Both Australia and Switzerland are small countries, and hence AUD/CHF can be quite volatile given that international capital flows tend to amplify outcomes concerning currencies with smaller markets (relative to the majors, which include USD, EUR and JPY; the most liquid currencies). With practically no bias on the interest rate front (after inflation), sentiment is key here. Deflation in Switzerland, and either inflation (or modest deflation) in Australia in the medium term will probably lend to either a slightly lower but otherwise relatively stable PPP-implied fair value in 2020. Yet it will be global sentiment that determines whether AUD/CHF will hit the 0.80 handle in the medium- to long-term.
Given that we already had a sharp crash this year, and given that interest rates are extremely low today (and will likely remain so for a long time), it is possible that stocks remain elevated over the long term. Absent another sharp crash (with continued and heavy monetary interventions staving off asset price collapses), it is possible that both risk-free rates and equity risk premia will remain suppressed across the globe. This should lend to either stable or higher risk asset prices, which would (all else equal) typically support pro-risk pairs such as AUD/CHF.

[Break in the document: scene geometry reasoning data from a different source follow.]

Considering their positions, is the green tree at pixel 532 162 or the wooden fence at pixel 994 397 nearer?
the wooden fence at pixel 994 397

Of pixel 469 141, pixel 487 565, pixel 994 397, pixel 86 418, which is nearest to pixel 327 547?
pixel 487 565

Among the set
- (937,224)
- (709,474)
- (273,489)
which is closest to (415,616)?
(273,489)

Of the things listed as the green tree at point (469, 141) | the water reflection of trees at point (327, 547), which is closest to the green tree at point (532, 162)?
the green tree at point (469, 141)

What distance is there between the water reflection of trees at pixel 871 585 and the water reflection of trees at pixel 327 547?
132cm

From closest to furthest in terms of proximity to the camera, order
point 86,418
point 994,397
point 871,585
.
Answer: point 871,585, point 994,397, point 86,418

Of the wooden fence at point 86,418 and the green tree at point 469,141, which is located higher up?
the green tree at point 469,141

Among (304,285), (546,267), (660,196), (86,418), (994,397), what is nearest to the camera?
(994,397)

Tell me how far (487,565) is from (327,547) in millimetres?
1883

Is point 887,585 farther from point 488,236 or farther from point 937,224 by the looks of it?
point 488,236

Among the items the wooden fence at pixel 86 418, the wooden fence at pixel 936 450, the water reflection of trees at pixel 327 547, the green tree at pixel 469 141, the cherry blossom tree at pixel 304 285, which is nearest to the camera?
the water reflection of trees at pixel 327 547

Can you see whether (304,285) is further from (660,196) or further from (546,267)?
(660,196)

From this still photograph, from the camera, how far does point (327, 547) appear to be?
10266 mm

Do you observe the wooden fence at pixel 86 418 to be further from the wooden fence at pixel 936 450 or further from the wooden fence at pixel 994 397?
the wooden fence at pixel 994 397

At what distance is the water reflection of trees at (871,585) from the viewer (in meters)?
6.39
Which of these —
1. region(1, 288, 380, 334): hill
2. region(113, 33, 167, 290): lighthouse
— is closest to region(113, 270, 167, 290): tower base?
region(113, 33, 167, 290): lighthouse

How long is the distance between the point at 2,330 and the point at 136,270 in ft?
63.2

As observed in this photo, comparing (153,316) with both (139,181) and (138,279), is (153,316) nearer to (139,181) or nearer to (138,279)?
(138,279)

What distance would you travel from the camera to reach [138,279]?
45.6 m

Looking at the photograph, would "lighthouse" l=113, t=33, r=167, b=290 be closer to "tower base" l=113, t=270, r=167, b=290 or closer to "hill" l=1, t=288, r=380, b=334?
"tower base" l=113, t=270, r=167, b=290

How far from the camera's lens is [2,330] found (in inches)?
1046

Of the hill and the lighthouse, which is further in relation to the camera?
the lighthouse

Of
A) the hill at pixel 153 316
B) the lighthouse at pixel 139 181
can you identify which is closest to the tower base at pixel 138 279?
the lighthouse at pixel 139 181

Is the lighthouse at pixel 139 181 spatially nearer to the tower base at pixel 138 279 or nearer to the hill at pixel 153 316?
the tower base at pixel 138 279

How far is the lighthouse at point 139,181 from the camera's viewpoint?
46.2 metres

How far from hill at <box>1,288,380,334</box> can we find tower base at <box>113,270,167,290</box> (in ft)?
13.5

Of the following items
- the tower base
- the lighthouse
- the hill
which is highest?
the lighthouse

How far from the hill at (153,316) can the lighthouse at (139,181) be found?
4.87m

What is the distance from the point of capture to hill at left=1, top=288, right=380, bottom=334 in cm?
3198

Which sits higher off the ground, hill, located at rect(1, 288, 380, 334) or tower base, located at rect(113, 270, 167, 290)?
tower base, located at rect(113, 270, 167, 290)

Near-term risks include the U.S. presidential election (November 2020 and perhaps beyond), Brexit (year-end, although while a negative outcome could strengthen CHF further the effect may be limited), and the current second wave of COVID-19 into the winter season. Further government-imposed lock-downs and fearful consumers could send oil prices down lower, which would inadvertently benefit currencies like AUD. However, the economic shock would probably hurt commodity currencies like AUD initially, and support safe havens like CHF.

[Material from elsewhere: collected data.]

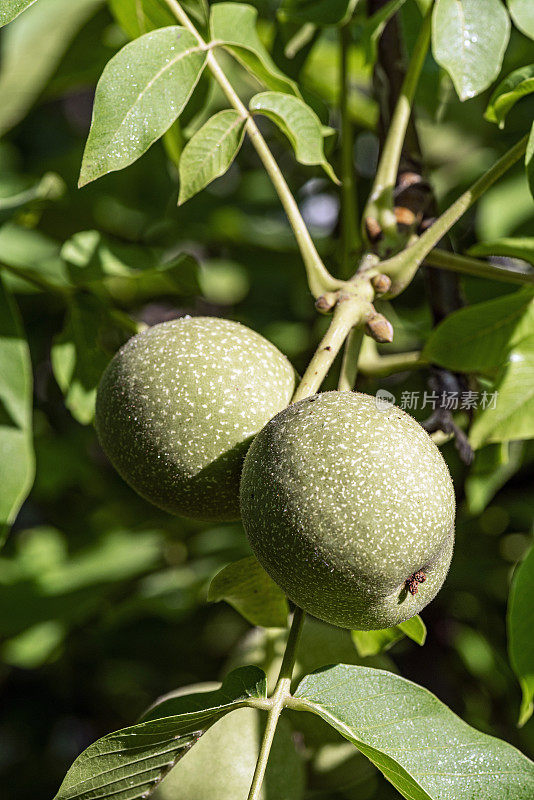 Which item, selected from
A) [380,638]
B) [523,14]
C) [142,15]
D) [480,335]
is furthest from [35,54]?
[380,638]

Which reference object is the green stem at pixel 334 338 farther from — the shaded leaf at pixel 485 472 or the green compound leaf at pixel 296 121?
→ the shaded leaf at pixel 485 472

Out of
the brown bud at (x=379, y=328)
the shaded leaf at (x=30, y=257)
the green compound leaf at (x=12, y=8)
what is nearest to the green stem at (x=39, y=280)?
the shaded leaf at (x=30, y=257)

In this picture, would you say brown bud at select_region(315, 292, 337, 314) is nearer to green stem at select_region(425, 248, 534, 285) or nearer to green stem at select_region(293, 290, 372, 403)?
green stem at select_region(293, 290, 372, 403)

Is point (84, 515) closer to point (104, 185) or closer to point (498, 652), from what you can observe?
point (104, 185)

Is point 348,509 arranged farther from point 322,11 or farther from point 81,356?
point 322,11

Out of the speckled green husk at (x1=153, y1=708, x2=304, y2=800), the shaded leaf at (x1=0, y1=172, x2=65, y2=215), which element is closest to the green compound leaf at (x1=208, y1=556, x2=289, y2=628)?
the speckled green husk at (x1=153, y1=708, x2=304, y2=800)

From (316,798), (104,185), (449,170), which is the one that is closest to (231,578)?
(316,798)

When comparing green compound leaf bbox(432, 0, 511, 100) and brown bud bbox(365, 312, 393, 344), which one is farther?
green compound leaf bbox(432, 0, 511, 100)

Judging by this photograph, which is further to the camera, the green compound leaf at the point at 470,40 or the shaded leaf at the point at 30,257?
the shaded leaf at the point at 30,257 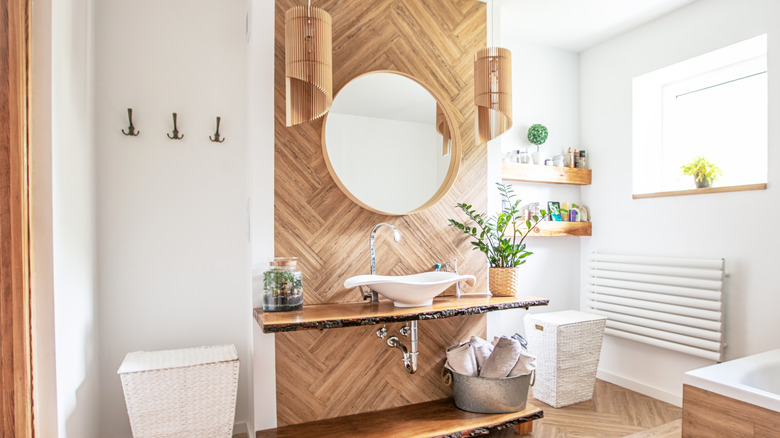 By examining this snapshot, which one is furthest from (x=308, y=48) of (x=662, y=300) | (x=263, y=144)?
(x=662, y=300)

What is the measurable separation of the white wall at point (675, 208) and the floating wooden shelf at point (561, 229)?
0.31 feet

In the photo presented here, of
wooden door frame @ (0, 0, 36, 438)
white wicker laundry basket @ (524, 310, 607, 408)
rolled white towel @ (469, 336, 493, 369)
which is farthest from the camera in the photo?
white wicker laundry basket @ (524, 310, 607, 408)

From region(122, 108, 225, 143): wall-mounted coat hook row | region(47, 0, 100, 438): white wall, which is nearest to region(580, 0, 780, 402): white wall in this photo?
region(122, 108, 225, 143): wall-mounted coat hook row

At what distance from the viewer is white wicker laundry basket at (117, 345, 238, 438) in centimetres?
194

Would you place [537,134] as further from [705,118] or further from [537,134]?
[705,118]

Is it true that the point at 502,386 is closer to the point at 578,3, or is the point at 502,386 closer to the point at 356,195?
the point at 356,195

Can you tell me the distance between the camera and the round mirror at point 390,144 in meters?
2.41

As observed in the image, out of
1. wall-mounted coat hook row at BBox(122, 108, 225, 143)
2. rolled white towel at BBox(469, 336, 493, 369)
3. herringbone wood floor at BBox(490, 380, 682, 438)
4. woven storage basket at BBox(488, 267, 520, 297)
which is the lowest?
herringbone wood floor at BBox(490, 380, 682, 438)

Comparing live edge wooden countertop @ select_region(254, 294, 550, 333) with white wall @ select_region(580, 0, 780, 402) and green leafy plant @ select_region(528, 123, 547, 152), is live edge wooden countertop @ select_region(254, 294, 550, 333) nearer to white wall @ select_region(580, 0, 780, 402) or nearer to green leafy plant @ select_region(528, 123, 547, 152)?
white wall @ select_region(580, 0, 780, 402)

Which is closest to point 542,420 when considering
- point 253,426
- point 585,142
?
point 253,426

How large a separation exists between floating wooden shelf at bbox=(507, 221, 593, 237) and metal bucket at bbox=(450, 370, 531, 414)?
1194mm

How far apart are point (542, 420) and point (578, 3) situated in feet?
8.66

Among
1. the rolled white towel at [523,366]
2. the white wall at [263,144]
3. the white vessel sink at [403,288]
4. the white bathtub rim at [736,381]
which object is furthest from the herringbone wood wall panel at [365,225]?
the white bathtub rim at [736,381]

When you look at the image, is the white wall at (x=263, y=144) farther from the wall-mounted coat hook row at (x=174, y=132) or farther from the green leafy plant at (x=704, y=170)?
the green leafy plant at (x=704, y=170) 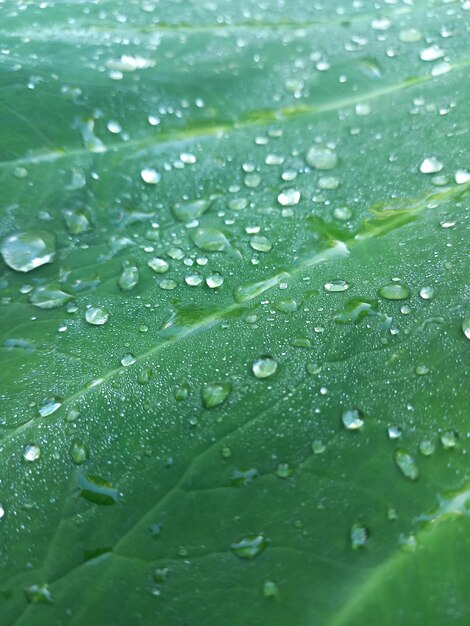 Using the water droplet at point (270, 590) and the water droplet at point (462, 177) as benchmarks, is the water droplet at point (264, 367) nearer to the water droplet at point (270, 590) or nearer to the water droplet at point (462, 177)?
the water droplet at point (270, 590)

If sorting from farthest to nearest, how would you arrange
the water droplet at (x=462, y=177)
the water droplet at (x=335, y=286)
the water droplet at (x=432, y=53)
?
the water droplet at (x=432, y=53) < the water droplet at (x=462, y=177) < the water droplet at (x=335, y=286)

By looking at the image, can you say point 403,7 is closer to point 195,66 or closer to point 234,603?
point 195,66

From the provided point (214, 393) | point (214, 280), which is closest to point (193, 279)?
point (214, 280)

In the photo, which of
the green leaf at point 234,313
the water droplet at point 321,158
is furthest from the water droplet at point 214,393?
the water droplet at point 321,158

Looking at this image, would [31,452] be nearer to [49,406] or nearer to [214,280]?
[49,406]

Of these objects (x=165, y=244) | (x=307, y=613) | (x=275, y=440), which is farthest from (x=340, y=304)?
(x=307, y=613) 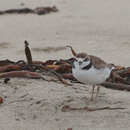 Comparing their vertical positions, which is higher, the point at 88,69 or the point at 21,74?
the point at 88,69

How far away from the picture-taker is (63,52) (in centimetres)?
639

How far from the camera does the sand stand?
314 cm

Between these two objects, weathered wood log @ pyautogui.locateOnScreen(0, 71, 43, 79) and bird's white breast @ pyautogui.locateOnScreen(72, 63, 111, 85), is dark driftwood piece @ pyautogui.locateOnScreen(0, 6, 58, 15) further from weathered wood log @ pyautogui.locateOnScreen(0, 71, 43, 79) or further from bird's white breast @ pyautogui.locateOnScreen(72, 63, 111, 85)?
bird's white breast @ pyautogui.locateOnScreen(72, 63, 111, 85)

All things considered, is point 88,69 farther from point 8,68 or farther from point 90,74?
point 8,68

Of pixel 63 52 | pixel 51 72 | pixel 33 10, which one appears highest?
pixel 33 10

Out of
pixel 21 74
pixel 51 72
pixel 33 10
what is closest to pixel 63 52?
pixel 51 72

Looking at this pair on balance, I can see near-term risks that could push this pair lower, or at the very least see AUD consolidate in a tight trading range versus CHF. Yet longer term, there is the potential for AUD/CHF move higher as this negative energy is released over the medium to long term. Crises are called crises because they present markedly different (and problematic) circumstances that differ in nature to otherwise stable conditions. The world overcomes crises with time, and I doubt this time will be any different (I believe this is both an optimistic and rational perspective to take).
Therefore, AUD/CHF looks a little risky in the short to medium term, but I believe in the medium to long term, this pair will eventually rebound higher in the long term (to revisit its fair value; circa 0.80). The analogy would be a “J-curve.”

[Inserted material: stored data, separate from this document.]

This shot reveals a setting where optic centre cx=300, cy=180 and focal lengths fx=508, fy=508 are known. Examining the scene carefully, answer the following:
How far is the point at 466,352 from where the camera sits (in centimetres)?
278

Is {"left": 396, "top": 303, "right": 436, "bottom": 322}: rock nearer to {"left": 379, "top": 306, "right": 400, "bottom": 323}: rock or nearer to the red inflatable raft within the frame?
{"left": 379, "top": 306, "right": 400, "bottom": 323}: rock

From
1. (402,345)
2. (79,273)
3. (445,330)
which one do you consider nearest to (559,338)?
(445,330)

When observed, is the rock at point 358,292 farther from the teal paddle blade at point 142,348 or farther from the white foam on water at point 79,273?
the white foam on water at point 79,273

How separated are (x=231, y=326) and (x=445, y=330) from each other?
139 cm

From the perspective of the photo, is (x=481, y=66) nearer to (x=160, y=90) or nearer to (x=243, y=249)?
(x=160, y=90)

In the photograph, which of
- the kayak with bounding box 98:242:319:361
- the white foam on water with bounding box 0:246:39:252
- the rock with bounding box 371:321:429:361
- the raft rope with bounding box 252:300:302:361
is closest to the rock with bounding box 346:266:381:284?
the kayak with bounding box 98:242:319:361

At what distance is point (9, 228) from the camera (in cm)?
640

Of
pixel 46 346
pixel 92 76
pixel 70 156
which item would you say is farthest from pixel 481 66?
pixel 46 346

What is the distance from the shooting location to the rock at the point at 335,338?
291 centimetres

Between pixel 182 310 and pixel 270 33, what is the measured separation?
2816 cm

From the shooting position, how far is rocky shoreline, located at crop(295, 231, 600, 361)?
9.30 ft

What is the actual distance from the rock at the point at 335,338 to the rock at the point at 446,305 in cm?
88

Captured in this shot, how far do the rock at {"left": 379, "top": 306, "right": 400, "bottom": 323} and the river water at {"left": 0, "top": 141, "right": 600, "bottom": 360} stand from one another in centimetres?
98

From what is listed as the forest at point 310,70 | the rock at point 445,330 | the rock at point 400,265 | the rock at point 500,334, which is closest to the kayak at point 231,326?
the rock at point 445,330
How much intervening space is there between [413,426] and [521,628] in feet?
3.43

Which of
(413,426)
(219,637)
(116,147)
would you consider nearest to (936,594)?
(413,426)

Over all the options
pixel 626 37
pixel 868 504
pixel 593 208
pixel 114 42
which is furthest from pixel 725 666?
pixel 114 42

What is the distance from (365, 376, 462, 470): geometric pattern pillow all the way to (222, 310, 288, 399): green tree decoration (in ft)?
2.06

I would not be jumping into a long position on this currency, especially with how strongly the Swiss franc has been favored over the years. I would, however, be unsurprised to see any short-term weakness create support levels which ultimately enable AUD to move higher in the long term. A medium-term time horizon (perhaps anywhere from 3-12 months) may also align well with a need for a weaker CHF to enable Switzerland to rebalance its current account surplus higher (which has recently dipped, owing in part to the strong CHF). One must also monitor the SNB’s actions, as I wrote about recently too, as the SNB could perhaps single-handedly revert the franc’s bullish course.
Disclosure: I/we have no positions in any stocks mentioned, and no plans to initiate any positions within the next 72 hours. I wrote this article myself, and it expresses my own opinions. I am not receiving compensation for it (other than from Seeking Alpha). I have no business relationship with any company whose stock is mentioned in this article.